> _Information shown_
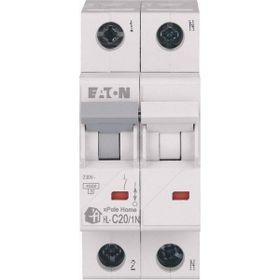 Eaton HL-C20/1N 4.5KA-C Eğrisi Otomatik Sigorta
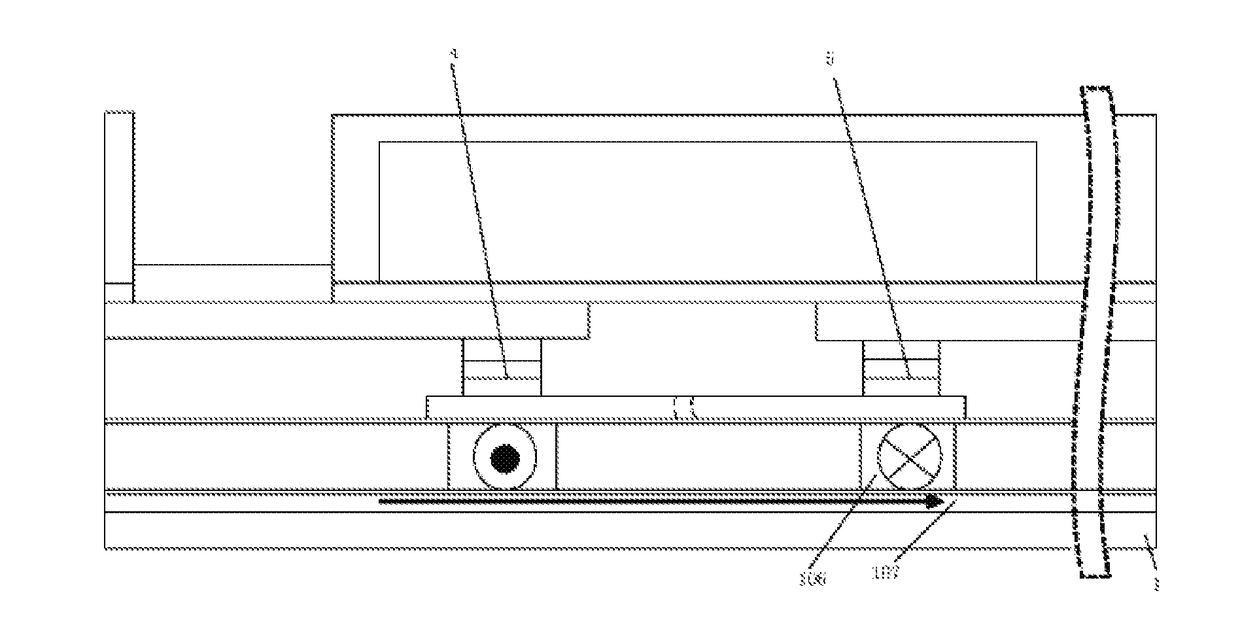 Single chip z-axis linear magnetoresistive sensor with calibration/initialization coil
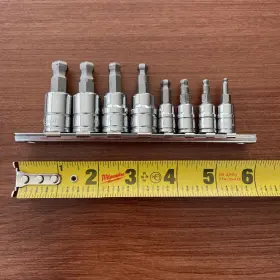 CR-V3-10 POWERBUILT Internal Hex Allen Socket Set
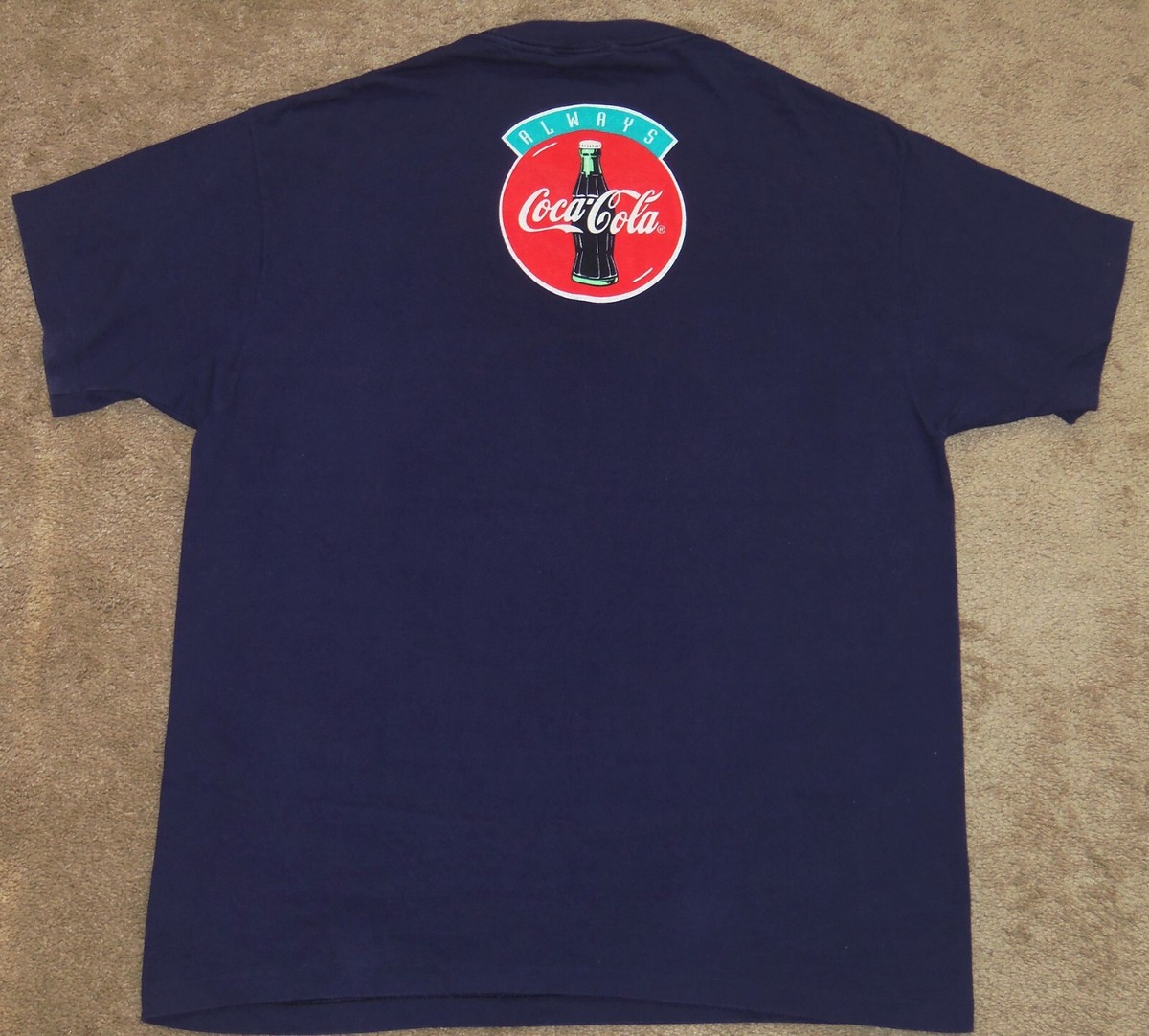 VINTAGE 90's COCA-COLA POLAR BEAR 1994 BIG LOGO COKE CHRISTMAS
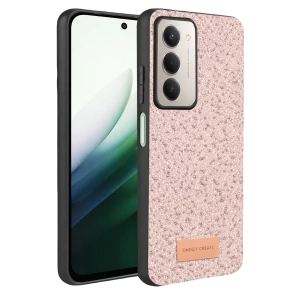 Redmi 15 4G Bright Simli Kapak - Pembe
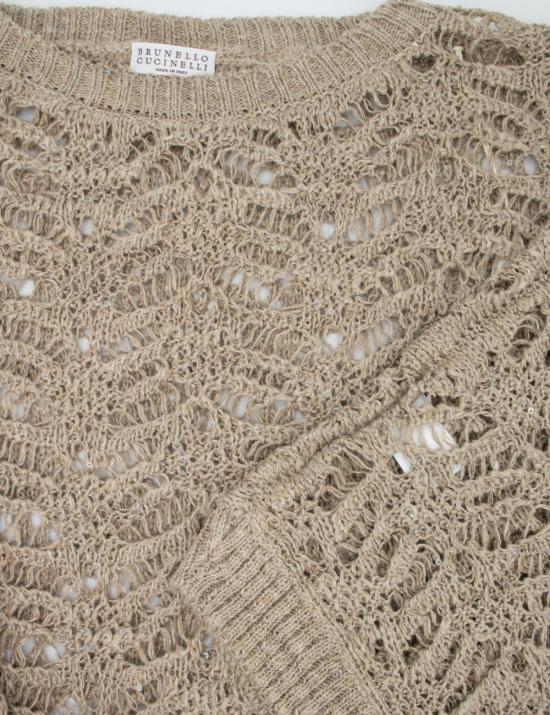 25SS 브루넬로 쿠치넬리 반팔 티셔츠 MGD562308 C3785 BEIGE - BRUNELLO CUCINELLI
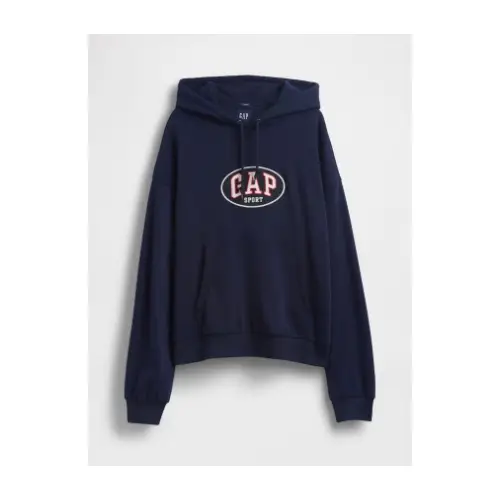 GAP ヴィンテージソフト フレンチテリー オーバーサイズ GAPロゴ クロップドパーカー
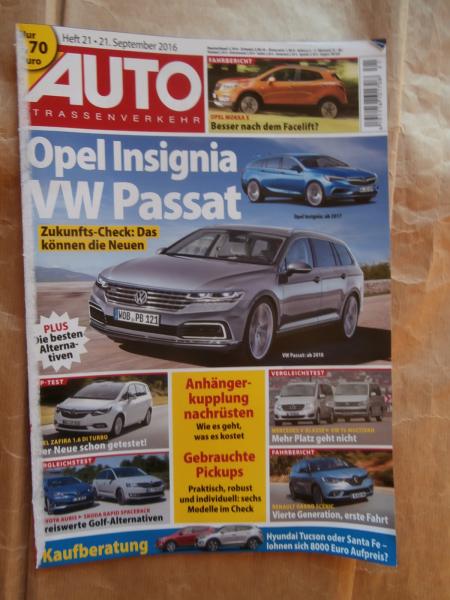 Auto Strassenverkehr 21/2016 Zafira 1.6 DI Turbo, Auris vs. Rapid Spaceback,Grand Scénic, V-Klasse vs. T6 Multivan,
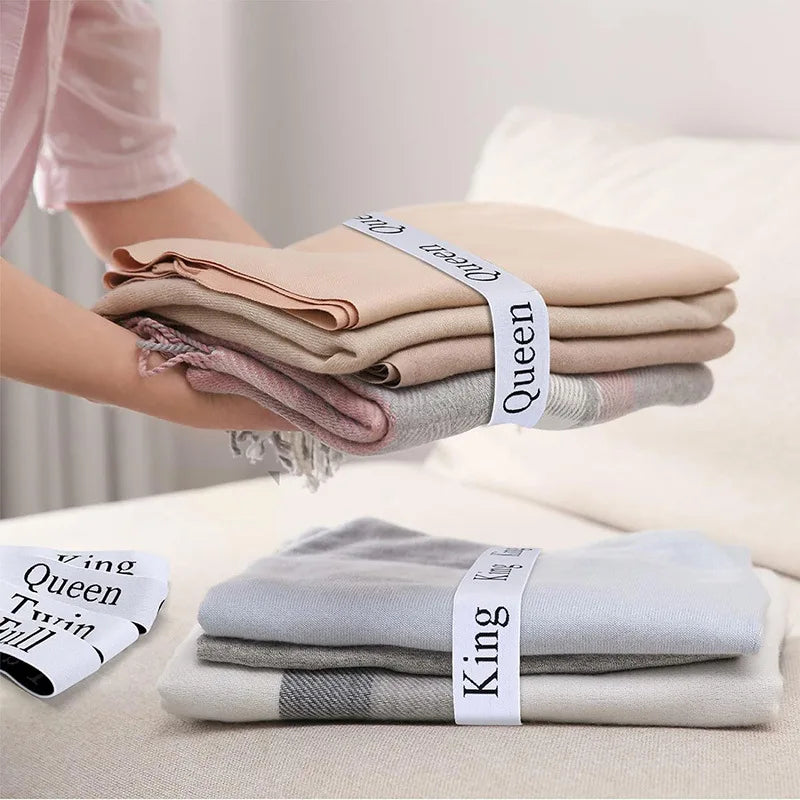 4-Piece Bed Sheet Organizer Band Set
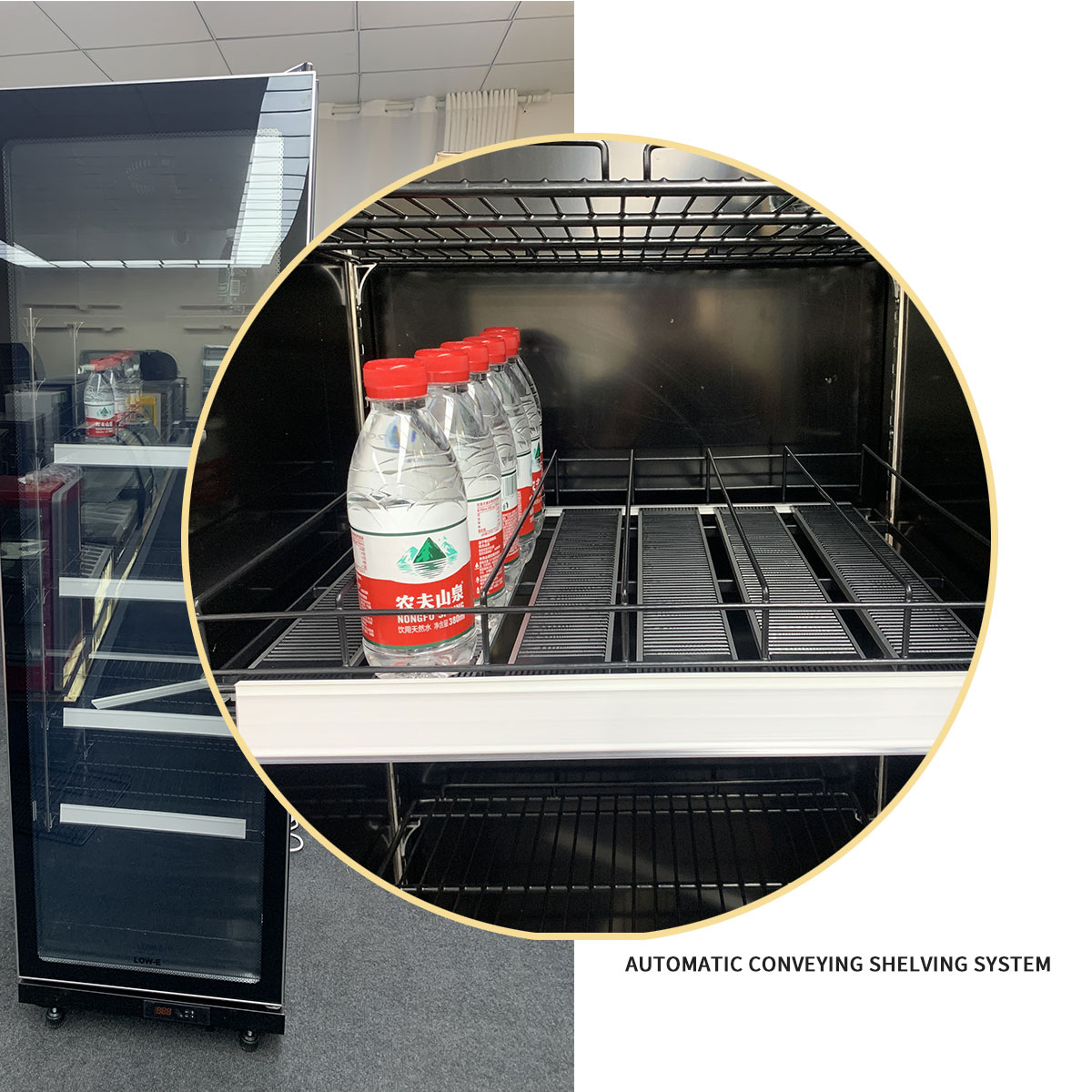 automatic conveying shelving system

> _What you have to do_
Reproduce exactly the lines of the entries above from the first through the line with "VINTAGE 90's COCA-COLA", both included; pictures should not be reproduced.

> _Answer space_
 Eaton HL-C20/1N 4.5KA-C Eğrisi Otomatik Sigorta
 Single chip z-axis linear magnetoresistive sensor with calibration/initialization coil
 CR-V3-10 POWERBUILT Internal Hex Allen Socket Set
 VINTAGE 90's COCA-COLA POLAR BEAR 1994 BIG LOGO COKE CHRISTMAS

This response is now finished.